Exercise objective
Look below for the lines from the one with "APS-C EVF 中古" to the one with "2025 Summer New", and copy exactly those lines, both ends included.

[Recorded data]
....................
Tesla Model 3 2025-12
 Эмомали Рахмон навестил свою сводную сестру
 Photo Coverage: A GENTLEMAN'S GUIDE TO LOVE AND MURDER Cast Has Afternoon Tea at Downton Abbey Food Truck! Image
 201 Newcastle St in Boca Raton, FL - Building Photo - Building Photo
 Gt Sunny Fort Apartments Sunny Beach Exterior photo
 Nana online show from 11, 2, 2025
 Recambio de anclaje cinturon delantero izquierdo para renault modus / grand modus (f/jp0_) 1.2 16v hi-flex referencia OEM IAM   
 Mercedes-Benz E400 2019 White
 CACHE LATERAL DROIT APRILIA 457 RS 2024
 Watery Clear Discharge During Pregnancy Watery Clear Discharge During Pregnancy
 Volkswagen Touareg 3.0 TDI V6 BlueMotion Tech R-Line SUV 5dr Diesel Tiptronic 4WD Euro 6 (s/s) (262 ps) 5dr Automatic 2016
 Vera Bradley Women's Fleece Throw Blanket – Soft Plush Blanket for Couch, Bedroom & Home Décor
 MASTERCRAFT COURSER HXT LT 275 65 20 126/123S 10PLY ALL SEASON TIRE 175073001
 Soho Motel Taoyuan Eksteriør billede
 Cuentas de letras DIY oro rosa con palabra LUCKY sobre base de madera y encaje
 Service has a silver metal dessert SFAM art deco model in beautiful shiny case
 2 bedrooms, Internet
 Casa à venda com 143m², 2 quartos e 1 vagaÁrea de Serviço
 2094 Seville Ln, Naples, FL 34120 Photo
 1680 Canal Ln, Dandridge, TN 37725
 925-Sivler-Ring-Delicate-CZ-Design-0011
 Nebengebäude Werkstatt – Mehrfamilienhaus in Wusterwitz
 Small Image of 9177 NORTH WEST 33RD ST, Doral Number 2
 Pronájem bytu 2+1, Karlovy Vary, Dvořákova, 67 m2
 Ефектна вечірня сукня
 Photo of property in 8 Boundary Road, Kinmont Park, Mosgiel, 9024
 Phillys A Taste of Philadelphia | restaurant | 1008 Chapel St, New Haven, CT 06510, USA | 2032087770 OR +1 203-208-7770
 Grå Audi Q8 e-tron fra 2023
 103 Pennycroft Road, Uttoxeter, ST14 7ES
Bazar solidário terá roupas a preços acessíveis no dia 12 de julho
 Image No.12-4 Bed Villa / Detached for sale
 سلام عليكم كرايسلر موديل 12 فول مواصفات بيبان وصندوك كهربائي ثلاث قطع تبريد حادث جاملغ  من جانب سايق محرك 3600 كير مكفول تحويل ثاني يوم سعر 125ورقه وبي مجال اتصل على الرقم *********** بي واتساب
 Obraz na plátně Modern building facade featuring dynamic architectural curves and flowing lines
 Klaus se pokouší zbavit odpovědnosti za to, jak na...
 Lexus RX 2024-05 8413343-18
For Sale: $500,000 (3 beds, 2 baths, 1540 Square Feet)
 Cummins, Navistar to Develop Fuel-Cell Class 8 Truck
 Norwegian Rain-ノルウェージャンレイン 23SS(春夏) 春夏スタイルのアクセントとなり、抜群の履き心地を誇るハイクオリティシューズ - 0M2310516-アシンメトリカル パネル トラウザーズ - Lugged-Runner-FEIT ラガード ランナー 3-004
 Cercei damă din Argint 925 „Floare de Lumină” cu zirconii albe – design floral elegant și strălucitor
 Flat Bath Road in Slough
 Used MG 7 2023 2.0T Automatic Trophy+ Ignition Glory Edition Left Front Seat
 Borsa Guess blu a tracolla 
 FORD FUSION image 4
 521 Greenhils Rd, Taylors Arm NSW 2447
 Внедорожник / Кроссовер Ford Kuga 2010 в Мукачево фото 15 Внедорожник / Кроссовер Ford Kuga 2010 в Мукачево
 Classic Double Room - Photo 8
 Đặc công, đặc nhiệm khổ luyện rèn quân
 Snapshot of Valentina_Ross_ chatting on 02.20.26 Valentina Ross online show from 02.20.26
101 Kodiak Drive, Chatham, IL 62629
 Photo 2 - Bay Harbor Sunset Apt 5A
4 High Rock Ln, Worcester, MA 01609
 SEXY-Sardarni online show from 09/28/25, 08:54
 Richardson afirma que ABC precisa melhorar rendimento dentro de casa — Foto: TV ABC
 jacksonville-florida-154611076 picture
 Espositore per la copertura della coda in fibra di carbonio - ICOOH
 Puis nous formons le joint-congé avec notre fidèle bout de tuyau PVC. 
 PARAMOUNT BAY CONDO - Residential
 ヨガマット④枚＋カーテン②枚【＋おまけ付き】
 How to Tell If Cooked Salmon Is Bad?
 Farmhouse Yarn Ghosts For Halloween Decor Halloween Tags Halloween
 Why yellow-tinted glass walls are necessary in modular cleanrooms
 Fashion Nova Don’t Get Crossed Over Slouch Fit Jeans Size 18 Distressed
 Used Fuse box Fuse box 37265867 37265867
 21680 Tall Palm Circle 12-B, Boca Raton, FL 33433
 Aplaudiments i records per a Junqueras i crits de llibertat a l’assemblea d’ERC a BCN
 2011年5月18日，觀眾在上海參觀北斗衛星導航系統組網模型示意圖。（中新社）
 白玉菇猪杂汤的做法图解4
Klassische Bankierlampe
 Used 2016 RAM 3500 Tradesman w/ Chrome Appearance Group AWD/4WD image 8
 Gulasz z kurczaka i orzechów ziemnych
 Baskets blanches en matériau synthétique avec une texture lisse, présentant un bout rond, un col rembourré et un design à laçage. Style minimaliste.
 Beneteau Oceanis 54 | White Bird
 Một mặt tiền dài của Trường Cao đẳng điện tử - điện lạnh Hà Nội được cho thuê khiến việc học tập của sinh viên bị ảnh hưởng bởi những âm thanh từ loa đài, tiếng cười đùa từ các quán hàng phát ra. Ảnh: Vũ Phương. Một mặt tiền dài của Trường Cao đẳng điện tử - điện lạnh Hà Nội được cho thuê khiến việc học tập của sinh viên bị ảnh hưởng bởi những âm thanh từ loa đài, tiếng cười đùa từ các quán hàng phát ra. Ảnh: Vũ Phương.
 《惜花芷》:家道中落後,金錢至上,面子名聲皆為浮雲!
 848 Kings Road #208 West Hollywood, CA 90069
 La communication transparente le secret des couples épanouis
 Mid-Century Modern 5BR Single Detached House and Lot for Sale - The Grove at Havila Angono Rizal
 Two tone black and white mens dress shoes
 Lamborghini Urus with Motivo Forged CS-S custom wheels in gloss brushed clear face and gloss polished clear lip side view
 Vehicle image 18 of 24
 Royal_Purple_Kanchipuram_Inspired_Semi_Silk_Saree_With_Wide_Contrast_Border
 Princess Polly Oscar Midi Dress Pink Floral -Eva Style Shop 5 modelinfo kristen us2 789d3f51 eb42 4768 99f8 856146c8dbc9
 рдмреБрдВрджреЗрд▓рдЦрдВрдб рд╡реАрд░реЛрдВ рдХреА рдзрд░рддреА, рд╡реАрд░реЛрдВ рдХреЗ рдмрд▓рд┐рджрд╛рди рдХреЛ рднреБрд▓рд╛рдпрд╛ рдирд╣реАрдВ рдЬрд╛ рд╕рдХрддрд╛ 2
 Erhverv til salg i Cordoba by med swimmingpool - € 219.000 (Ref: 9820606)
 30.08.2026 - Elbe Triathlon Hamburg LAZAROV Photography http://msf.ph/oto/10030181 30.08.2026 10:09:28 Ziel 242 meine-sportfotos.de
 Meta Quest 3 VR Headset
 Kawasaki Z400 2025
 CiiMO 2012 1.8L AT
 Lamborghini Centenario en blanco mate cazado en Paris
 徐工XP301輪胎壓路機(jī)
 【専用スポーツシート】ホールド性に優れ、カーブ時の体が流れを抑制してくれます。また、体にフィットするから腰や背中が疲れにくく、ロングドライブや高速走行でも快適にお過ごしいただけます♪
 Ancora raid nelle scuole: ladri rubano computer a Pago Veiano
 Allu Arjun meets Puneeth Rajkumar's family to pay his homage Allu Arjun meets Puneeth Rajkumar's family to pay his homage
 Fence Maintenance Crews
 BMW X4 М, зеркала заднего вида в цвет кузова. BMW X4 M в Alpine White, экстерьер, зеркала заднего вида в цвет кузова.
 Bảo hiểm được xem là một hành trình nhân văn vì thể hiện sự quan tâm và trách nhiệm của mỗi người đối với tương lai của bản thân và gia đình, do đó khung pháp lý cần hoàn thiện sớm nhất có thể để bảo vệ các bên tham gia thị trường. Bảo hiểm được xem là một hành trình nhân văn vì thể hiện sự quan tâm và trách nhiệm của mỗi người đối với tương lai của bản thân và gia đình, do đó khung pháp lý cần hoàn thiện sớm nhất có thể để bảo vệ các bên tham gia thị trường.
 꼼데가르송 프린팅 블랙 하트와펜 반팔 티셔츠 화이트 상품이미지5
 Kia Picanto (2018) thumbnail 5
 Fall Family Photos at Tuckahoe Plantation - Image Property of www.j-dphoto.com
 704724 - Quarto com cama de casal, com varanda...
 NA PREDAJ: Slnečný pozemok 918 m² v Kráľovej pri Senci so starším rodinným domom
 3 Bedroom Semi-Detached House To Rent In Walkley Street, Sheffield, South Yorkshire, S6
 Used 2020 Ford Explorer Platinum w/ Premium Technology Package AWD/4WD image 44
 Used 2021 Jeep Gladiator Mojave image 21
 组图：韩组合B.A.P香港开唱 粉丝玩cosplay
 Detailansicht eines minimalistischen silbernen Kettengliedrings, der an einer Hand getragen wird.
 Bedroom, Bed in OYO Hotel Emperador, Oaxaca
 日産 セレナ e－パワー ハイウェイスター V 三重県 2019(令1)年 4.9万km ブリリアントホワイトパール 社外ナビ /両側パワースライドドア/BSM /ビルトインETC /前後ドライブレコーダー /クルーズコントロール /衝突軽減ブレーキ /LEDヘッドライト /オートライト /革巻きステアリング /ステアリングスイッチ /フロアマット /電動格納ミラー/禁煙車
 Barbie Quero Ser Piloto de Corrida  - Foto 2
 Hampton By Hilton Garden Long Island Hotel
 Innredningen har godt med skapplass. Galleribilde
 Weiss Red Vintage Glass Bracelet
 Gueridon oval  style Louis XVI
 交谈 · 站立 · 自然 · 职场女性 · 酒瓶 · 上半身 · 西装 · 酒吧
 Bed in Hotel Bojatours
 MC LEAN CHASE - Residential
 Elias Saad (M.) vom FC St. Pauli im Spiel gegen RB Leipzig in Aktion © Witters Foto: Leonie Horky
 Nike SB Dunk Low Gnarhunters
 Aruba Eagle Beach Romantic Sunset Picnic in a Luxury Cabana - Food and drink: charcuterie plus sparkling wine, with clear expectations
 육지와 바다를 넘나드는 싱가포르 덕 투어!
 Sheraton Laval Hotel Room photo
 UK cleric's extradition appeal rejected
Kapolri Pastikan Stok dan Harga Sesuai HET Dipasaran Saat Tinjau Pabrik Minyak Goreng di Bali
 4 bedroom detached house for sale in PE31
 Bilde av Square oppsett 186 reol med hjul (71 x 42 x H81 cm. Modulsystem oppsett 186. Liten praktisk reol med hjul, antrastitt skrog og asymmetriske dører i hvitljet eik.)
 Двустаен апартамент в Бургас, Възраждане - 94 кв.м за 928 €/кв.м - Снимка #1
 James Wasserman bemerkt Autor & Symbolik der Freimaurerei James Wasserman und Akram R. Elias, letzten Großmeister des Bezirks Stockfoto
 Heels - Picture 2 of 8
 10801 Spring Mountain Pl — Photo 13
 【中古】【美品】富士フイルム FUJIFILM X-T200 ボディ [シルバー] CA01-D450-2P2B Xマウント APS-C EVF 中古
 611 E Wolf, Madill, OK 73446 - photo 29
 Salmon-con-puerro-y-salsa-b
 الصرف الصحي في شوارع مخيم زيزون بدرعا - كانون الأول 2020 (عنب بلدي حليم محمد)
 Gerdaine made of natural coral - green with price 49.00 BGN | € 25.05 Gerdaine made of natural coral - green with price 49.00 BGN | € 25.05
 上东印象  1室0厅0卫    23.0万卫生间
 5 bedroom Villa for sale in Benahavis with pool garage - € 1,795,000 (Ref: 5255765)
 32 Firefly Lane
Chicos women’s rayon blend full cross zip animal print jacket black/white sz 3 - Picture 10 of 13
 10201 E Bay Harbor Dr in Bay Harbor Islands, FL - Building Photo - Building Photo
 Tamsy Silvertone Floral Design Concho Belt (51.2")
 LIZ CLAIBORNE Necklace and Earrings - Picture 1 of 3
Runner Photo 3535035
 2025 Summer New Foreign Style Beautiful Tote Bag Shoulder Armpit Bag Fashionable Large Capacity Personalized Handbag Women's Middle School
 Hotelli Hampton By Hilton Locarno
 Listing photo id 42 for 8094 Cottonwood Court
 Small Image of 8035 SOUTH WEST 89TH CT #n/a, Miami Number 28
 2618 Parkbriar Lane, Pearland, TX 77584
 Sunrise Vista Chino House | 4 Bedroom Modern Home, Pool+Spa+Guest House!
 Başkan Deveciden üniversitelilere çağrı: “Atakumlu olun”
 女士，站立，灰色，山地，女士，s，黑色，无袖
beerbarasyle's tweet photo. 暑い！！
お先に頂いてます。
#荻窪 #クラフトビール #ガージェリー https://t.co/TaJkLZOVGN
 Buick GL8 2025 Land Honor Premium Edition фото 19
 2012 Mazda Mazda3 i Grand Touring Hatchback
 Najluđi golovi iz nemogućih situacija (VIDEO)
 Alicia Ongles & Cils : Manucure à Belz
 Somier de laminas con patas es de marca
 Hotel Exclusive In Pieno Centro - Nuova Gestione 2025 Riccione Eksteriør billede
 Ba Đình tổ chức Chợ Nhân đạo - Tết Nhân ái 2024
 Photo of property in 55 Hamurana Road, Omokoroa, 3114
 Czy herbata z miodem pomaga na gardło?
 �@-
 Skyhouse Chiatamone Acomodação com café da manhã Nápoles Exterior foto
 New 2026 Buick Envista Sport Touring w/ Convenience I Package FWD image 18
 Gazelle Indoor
....................
Answer to the exercise
 【中古】【美品】富士フイルム FUJIFILM X-T200 ボディ [シルバー] CA01-D450-2P2B Xマウント APS-C EVF 中古
 611 E Wolf, Madill, OK 73446 - photo 29
 Salmon-con-puerro-y-salsa-b
 الصرف الصحي في شوارع مخيم زيزون بدرعا - كانون الأول 2020 (عنب بلدي حليم محمد)
 Gerdaine made of natural coral - green with price 49.00 BGN | € 25.05 Gerdaine made of natural coral - green with price 49.00 BGN | € 25.05
 上东印象  1室0厅0卫    23.0万卫生间
 5 bedroom Villa for sale in Benahavis with pool garage - € 1,795,000 (Ref: 5255765)
 32 Firefly Lane
Chicos women’s rayon blend full cross zip animal print jacket black/white sz 3 - Picture 10 of 13
 10201 E Bay Harbor Dr in Bay Harbor Islands, FL - Building Photo - Building Photo
 Tamsy Silvertone Floral Design Concho Belt (51.2")
 LIZ CLAIBORNE Necklace and Earrings - Picture 1 of 3
Runner Photo 3535035
 2025 Summer New Foreign Style Beautiful Tote Bag Shoulder Armpit Bag Fashionable Large Capacity Personalized Handbag Women's Middle School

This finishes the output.